Dataset entries:
:::::
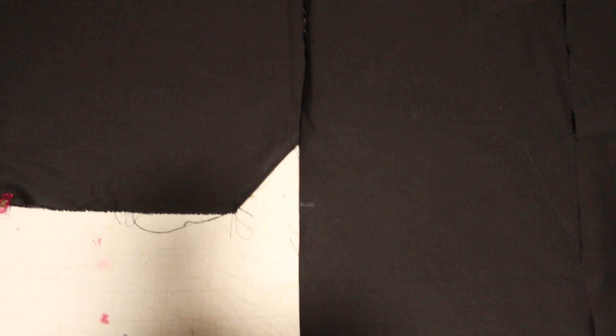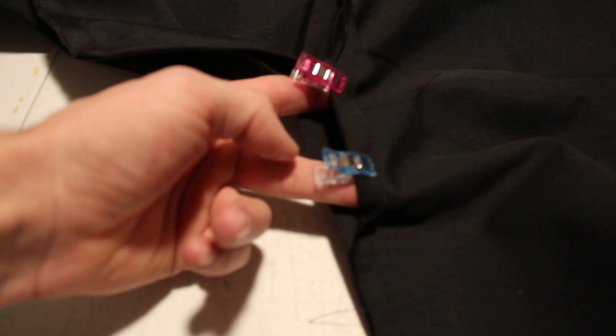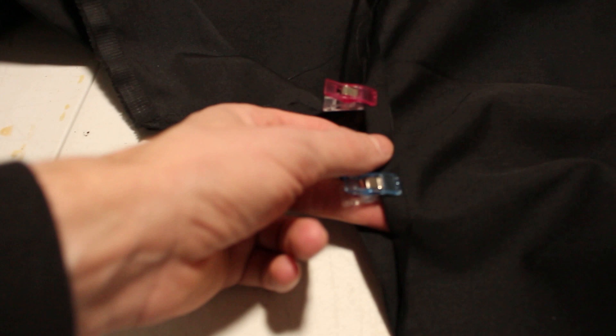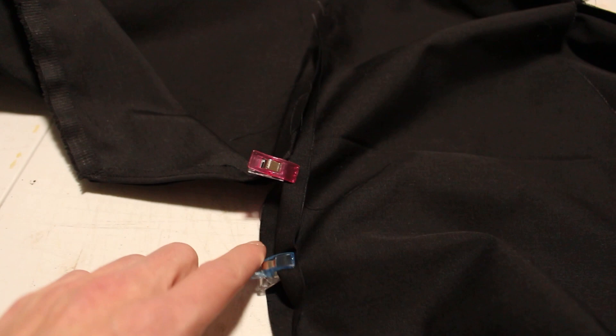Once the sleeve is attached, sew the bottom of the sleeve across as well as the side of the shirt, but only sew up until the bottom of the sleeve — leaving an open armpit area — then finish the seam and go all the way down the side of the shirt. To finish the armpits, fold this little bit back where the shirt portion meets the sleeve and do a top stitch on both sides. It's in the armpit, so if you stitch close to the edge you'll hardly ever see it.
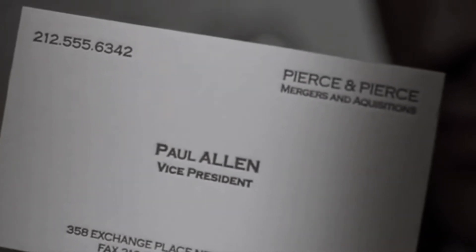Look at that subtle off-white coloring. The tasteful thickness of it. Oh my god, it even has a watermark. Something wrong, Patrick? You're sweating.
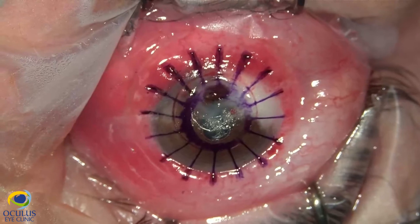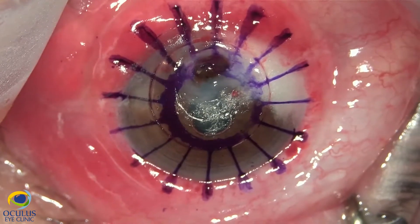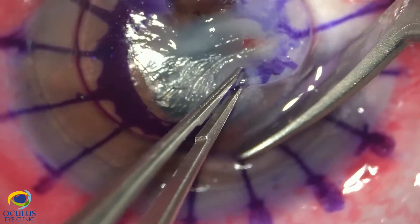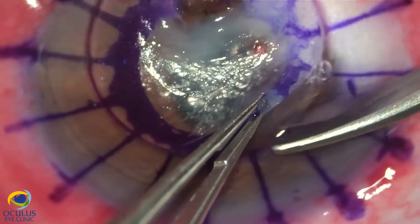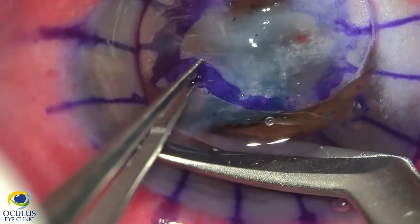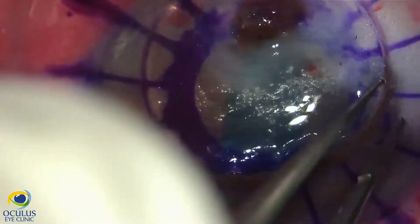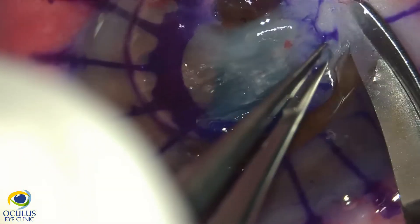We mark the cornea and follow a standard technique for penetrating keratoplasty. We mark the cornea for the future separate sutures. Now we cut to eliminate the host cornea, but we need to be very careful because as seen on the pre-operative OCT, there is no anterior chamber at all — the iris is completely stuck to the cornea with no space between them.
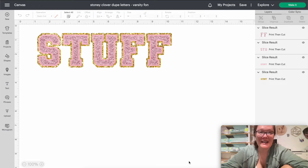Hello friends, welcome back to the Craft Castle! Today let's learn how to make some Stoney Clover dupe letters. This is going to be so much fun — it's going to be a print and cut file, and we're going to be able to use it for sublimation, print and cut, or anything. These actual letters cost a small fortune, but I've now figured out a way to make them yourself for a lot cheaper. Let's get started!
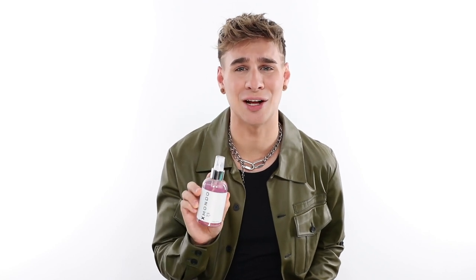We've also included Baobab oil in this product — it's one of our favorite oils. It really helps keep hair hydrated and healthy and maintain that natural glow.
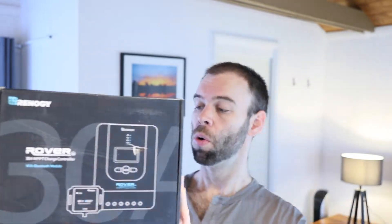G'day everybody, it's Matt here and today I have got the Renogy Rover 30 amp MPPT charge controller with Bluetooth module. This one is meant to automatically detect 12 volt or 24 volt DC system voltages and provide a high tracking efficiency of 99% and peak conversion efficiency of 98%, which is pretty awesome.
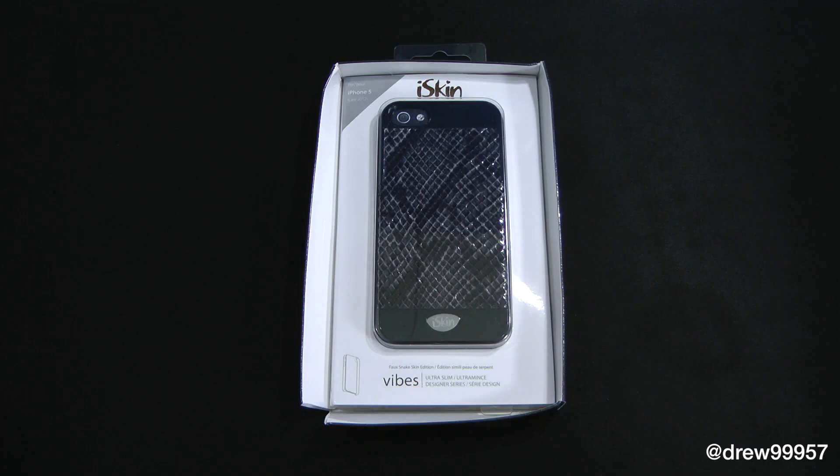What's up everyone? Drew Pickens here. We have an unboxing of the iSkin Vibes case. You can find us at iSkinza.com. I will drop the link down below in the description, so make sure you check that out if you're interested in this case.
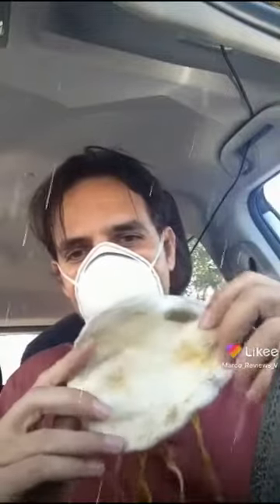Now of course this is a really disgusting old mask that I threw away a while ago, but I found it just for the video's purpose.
:::::
Quote all the records verbatim, dropping any pictures from your copy.

Once the sleeve is attached, sew the bottom of the sleeve across as well as the side of the shirt, but only sew up until the bottom of the sleeve — leaving an open armpit area — then finish the seam and go all the way down the side of the shirt. To finish the armpits, fold this little bit back where the shirt portion meets the sleeve and do a top stitch on both sides. It's in the armpit, so if you stitch close to the edge you'll hardly ever see it.
Look at that subtle off-white coloring. The tasteful thickness of it. Oh my god, it even has a watermark. Something wrong, Patrick? You're sweating.
We mark the cornea and follow a standard technique for penetrating keratoplasty. We mark the cornea for the future separate sutures. Now we cut to eliminate the host cornea, but we need to be very careful because as seen on the pre-operative OCT, there is no anterior chamber at all — the iris is completely stuck to the cornea with no space between them.
Hello friends, welcome back to the Craft Castle! Today let's learn how to make some Stoney Clover dupe letters. This is going to be so much fun — it's going to be a print and cut file, and we're going to be able to use it for sublimation, print and cut, or anything. These actual letters cost a small fortune, but I've now figured out a way to make them yourself for a lot cheaper. Let's get started!
We've also included Baobab oil in this product — it's one of our favorite oils. It really helps keep hair hydrated and healthy and maintain that natural glow.
G'day everybody, it's Matt here and today I have got the Renogy Rover 30 amp MPPT charge controller with Bluetooth module. This one is meant to automatically detect 12 volt or 24 volt DC system voltages and provide a high tracking efficiency of 99% and peak conversion efficiency of 98%, which is pretty awesome.
What's up everyone? Drew Pickens here. We have an unboxing of the iSkin Vibes case. You can find us at iSkinza.com. I will drop the link down below in the description, so make sure you check that out if you're interested in this case.
Now of course this is a really disgusting old mask that I threw away a while ago, but I found it just for the video's purpose.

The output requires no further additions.